Set the records down again in full, exactly as they are, apart from the images.

Data items
........

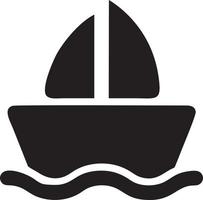 Boat icon symbol design vector image. Illustration of the ship boat transportation design image. EPS 10.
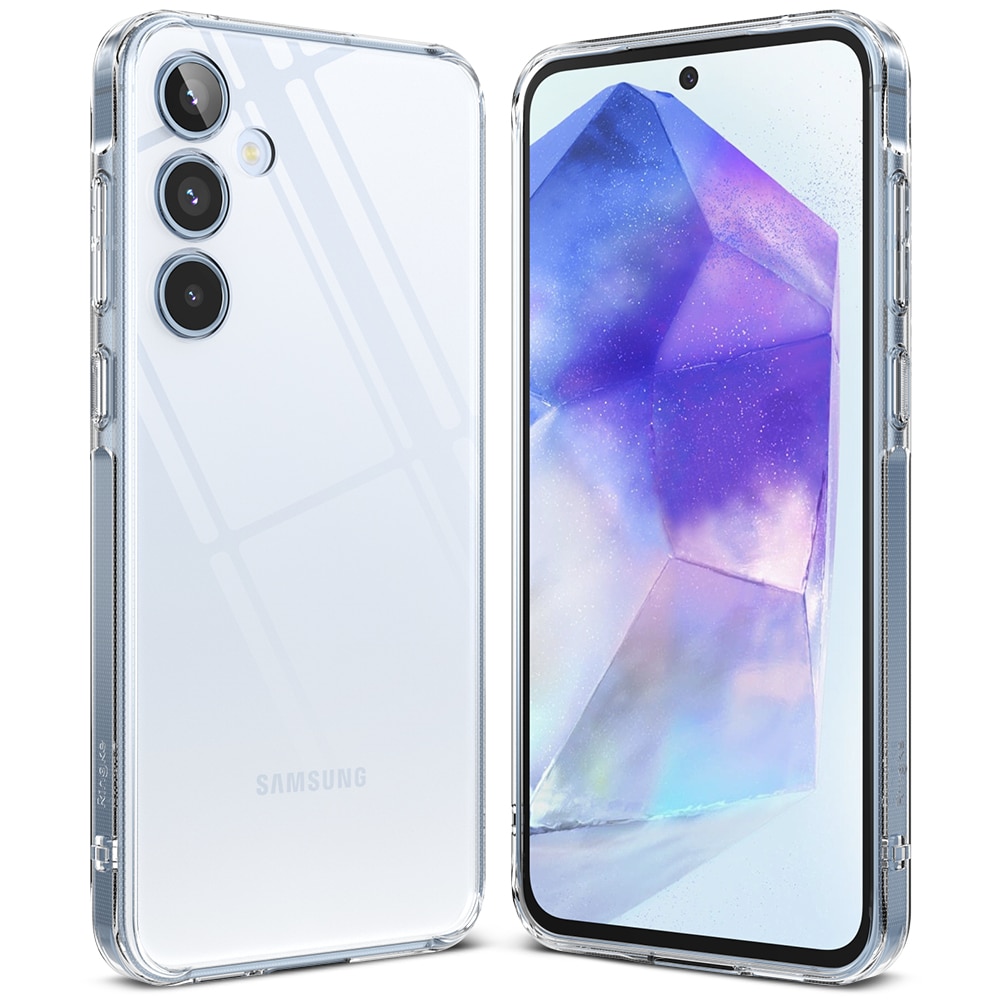 Funda Fusion Samsung Galaxy A55 Transparente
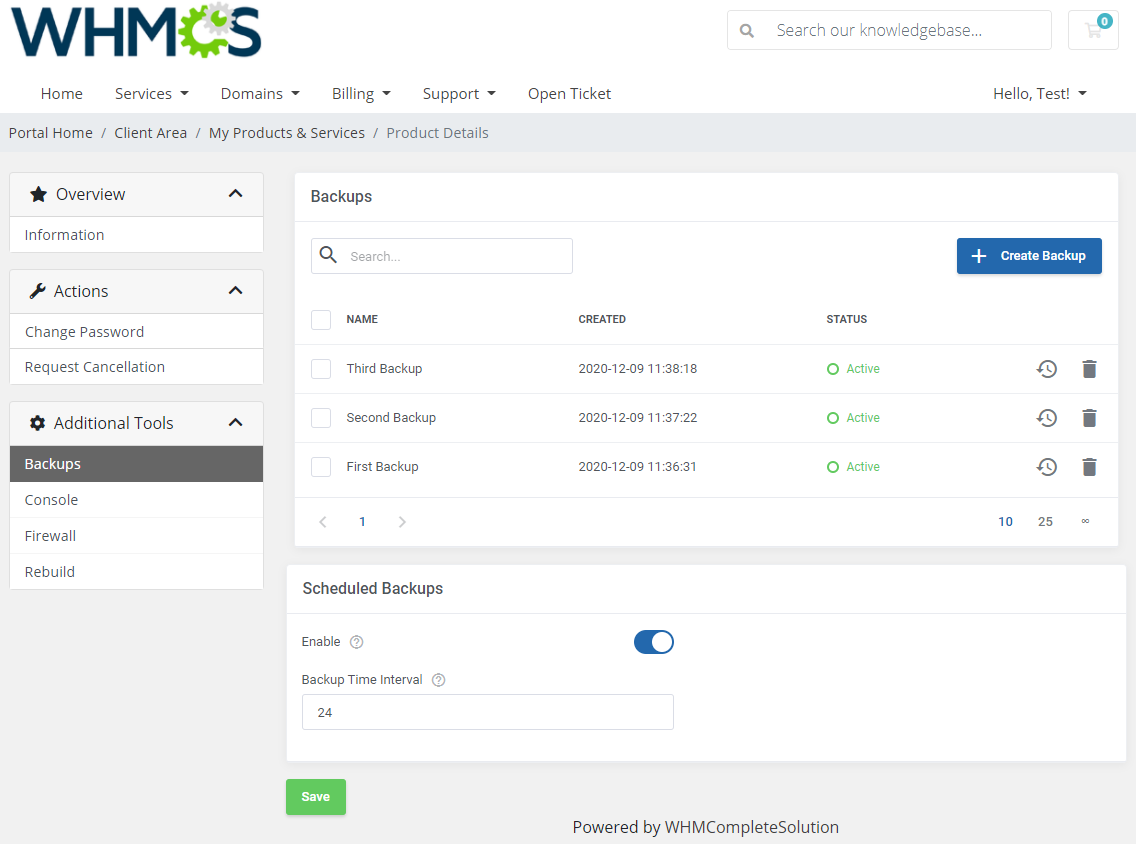 A smart new framework in OpenStack VPS & Cloud For WHMCS 2.0 - ModulesGarden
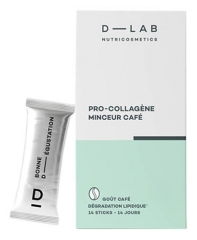 D-Lab Nutricosmetics Sticks Compl&eacute;ments Alimentaires Pro-Collag&egrave;ne Minceur Caf&eacute;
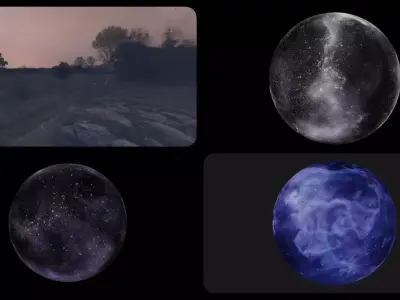 Space collection A galactic taste 3D Model Pack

........

** Result **
 Boat icon symbol design vector image. Illustration of the ship boat transportation design image. EPS 10.
 Funda Fusion Samsung Galaxy A55 Transparente
 A smart new framework in OpenStack VPS & Cloud For WHMCS 2.0 - ModulesGarden
 D-Lab Nutricosmetics Sticks Compl&eacute;ments Alimentaires Pro-Collag&egrave;ne Minceur Caf&eacute;
 Space collection A galactic taste 3D Model Pack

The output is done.